* _Exercise details_: Go through the data and retrieve each line that includes the string "Page".

Caption-style text data
:::::

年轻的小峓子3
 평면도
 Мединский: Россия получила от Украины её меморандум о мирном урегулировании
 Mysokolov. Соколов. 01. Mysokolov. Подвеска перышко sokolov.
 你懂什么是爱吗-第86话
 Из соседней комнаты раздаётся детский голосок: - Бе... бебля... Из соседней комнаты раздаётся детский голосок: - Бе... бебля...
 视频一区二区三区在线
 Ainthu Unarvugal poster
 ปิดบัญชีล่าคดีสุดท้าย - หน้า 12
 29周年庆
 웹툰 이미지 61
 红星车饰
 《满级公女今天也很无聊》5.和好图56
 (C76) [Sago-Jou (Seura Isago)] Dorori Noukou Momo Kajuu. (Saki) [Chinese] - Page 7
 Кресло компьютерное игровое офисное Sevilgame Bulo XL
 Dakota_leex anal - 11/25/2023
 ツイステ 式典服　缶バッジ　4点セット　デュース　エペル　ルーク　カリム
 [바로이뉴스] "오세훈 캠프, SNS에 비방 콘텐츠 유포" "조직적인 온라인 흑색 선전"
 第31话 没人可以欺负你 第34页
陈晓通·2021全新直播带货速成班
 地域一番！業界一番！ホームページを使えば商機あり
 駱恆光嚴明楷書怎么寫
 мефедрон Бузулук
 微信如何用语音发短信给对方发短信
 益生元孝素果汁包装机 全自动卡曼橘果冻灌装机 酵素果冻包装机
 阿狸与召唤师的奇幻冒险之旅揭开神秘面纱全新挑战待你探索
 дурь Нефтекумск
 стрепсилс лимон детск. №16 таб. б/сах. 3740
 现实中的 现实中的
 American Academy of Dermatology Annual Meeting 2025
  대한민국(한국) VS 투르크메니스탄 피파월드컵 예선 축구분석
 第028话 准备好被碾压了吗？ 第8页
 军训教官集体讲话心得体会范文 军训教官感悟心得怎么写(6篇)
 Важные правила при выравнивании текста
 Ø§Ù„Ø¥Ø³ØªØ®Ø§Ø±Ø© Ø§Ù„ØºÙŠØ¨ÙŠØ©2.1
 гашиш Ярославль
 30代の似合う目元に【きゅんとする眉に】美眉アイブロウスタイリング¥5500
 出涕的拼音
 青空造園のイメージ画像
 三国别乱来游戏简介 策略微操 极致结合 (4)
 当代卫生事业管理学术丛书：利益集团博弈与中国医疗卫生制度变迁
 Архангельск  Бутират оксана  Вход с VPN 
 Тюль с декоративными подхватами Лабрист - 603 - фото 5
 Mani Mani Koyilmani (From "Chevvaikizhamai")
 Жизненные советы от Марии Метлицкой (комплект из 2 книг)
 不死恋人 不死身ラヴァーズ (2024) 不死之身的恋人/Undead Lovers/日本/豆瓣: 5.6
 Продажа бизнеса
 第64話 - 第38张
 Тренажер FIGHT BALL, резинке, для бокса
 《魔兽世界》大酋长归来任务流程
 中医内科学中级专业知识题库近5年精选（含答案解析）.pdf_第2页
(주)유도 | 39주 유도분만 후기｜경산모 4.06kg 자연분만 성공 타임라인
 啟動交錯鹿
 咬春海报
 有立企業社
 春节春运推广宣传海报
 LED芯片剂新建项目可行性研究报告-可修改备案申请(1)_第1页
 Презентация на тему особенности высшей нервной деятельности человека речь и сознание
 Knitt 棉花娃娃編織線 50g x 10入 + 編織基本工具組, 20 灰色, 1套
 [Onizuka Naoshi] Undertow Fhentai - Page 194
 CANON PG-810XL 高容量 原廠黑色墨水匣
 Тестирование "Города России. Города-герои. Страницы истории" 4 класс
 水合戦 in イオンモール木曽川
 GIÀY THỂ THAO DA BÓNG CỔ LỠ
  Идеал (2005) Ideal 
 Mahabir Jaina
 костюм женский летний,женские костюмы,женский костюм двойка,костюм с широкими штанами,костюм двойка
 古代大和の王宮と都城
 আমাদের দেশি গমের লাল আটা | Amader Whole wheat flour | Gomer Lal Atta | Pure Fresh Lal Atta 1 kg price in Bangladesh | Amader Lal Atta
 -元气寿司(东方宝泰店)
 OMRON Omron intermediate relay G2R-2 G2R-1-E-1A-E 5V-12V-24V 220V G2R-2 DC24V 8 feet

:::::

* _Solved problem_:
 (C76) [Sago-Jou (Seura Isago)] Dorori Noukou Momo Kajuu. (Saki) [Chinese] - Page 7
 [Onizuka Naoshi] Undertow Fhentai - Page 194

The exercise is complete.